In seiner Schule erfreute sich Brasse wegen seiner wissenschaftlich kompetenten und pädagogisch einfühlsamen Art großer Beliebtheit. So erinnerte sich viele Jahrzehnte später sein ehemaliger Schüler Hans Jonas an einen Dialog mit seinem Lehrer Ernst Brasse in der Untersekunda während des Ersten Weltkriegs. Zum Unterrichtsbeginn sprach Brasse mit seinen Schülern über die neuesten Kriegsmeldungen.
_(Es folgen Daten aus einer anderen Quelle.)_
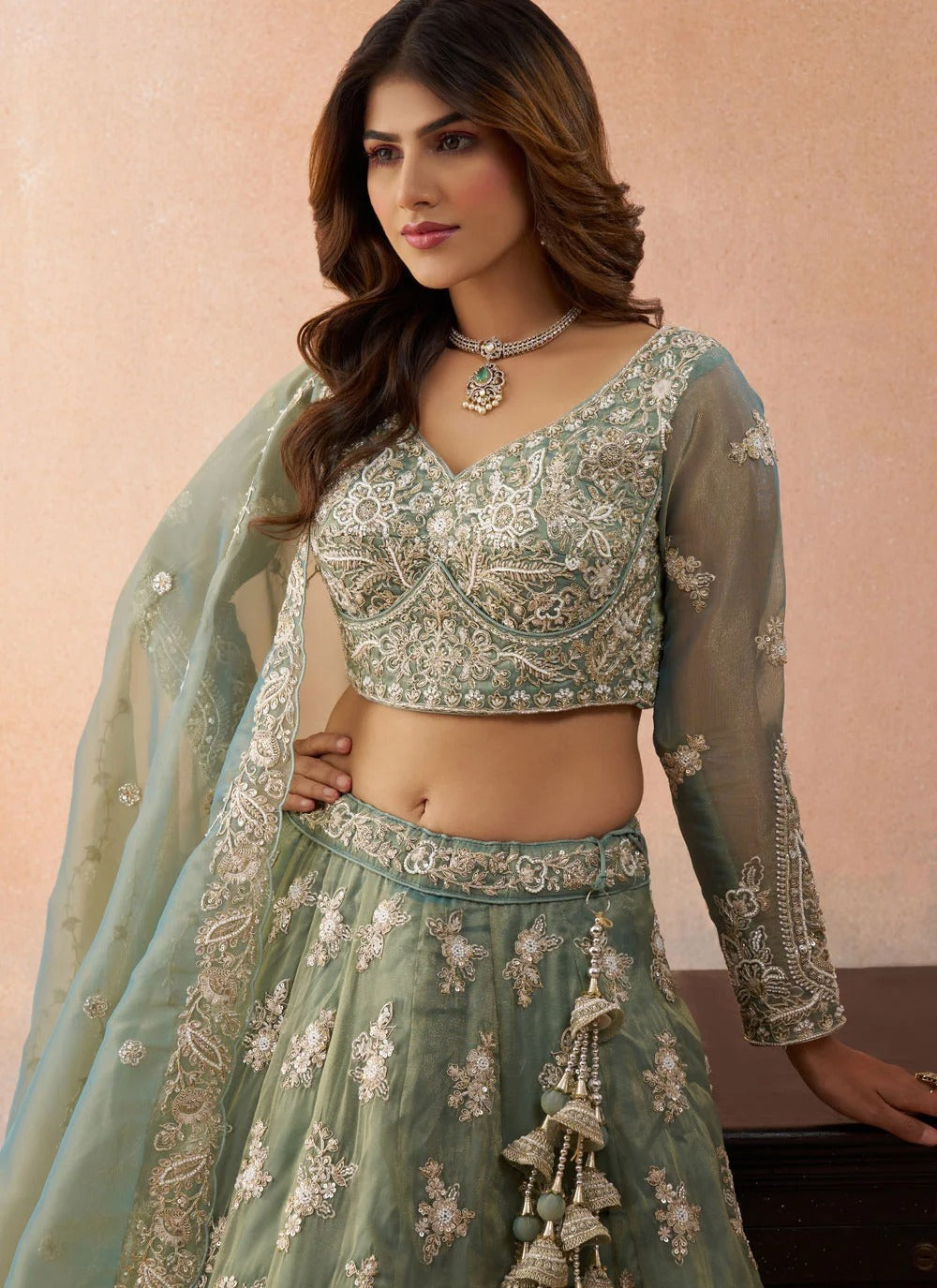 Sea green tissue lehenga with sequins thread embroidery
Brasse, der laut Jonas „ein netter Mann, aber Patriot, ein Alldeutscher“ war, kommentierte die Nachricht von der Versenkung eines englischen Truppentransporters mit den Worten: „Ja, sehr gute Nachricht. Hoffentlich sind dabei recht viele ertrunken.“ Jonas zeigte auf und fragte zurück: „Darf man das denn eigentlich wünschen?“ Brasse reagierte verdutzt und fragte: „Ach so, du meinst, das wäre nicht christlich?“ Der Schüler jüdischen Glaubens Hans Jonas erwiderte: „Ich meine nicht menschlich.“ Brasse errötete und sah sich veranlasst, seine Äußerung als hart und grausam zu reflektieren und dem Schüler Jonas im Grundsatz Recht zu geben, dass Kriege einen schlimmen Verlust der Menschlichkeit verursachen.

Durch seine stadt- und heimatgeschichtlichen Arbeiten ist Brasse bis heute in Erinnerung geblieben. 1903 verfasste er die Festschrift zur Hundertjahrfeier der „Gesellschaft Erholung“. 1907 folgte eine Arbeit über die Familiennamen in M.Gladbach und Umgebung bis zum Ende des 16. Jahrhunderts. Im Auftrag der Stadt entstand seine Stadtgeschichte in vier Bänden. Der Band I und das Urkundenbuch über die Zeit des Mittelalters erschienen 1914. Der Band II über die Neuzeit wurde kriegsbedingt erst 1922 gedruckt. Der 1919 fertiggestellte Urkundenband II erschien erst 1926 nach seinem Tode. In historischen Zeitschriften zwischen 1912 und 1922 veröffentlichte Brasse weitere Aufsätze zur Gladbacher Stadtgeschichte. 1915 wurde er in Anerkennung seiner Verdienste zum Mitglied der Gesellschaft für rheinische Geschichtskunde gewählt. Eine letzte Arbeit über Umfang und Grenzen des Mülgaus konnte er nicht mehr abschließen. Am 31. August 1923 verstarb der verdienstvolle Gymnasialprofessor Dr. Ernst Brasse im Alter von 57 Jahren. 1930 wurde eine Straße in Hardterbroich nach Ernst Brasse benannt. Seine letzte Ruhestätte auf dem Evangelischen Friedhof wurde von der Stadt Mönchengladbach lange Jahre als Ehrengrab gepflegt.